Zimerman Plays Lutosławski Piano Concerto In Berlin
On February 14-16, conductor Sir Simon Rattle and the Berlin Philharmonic will be joined by another musician connected with Lutosławski—pianist Krystian Zimerman—and soprano Barbara Hannigan. The program will include: Robert Schumann – Genoveva Overture and Symphony No. 3 in E flat major “Rhenish”; Witold Lutosławski – Piano Concerto; and Henri Dutilleux – Correspondances for soprano and orchestra.
In this program, two modern works written by Witold Lutosławski and Henri Dutilleux contrast with Schumann’s romantic music. Lutosławski, who died in 1994 and is one of the most versatile and significant Polish composers of the 20th century, is represented by his Concerto for Piano and Orchestra; Lutosławski’s countryman Krystian Zimerman, for whom the work was written and who premiered it in 1988, will take on the solo part.

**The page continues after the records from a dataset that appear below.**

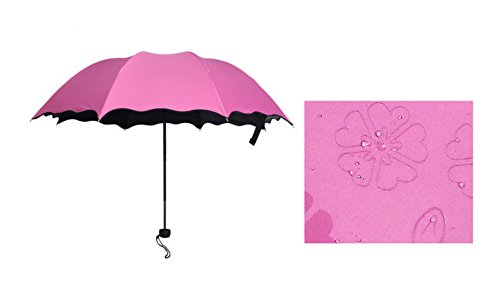 Sunny Rainy Folding Umbrella Magical Bloom Flower in Rain Water Fashion Exquisite Windproof Sunshade for Women Girl Outdoor Sports Camping Walk Travel Parasol UV Protection (Red Rose Umbrella)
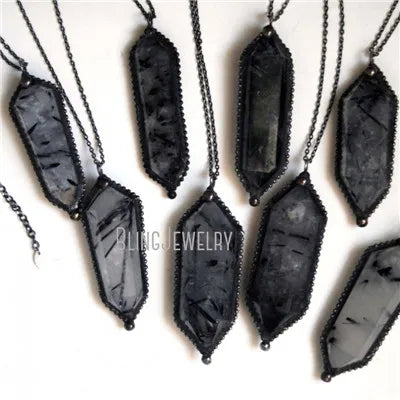 10pcs Witchcraft Tourmaline Rutilated Crystal Quartz Obelisk Pendulum Goth Necklace Women Wicca Talisman Halloween Emo Jewelry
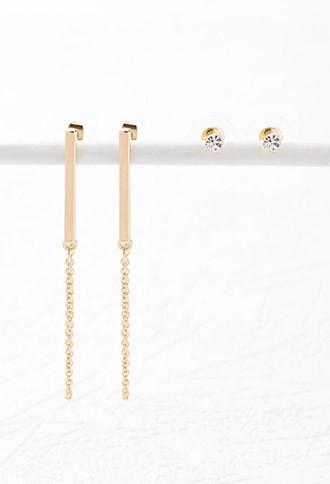 Forever21 Stud And Drop Earring Set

Whereas Lutosławski’s person and oeuvre have long been known to music lovers who need not have a particular predilection for the avant-garde, Henri Dutilleux, three years younger, and his compositions continue not to have attracted much notice in concert programming. Wrongly so, as his Correspondances for Soprano and Orchestra shows, premiered on 5 September 2003 by Berlin Philharmonic under Sir Simon Rattle. The soloist in this work, which can boast of an almost romantic sense of tonal color, is the versatile Canadian soprano Barbara Hannigan—long familiar on the stage of the Berlin Philharmonic as a specialist for contemporary music.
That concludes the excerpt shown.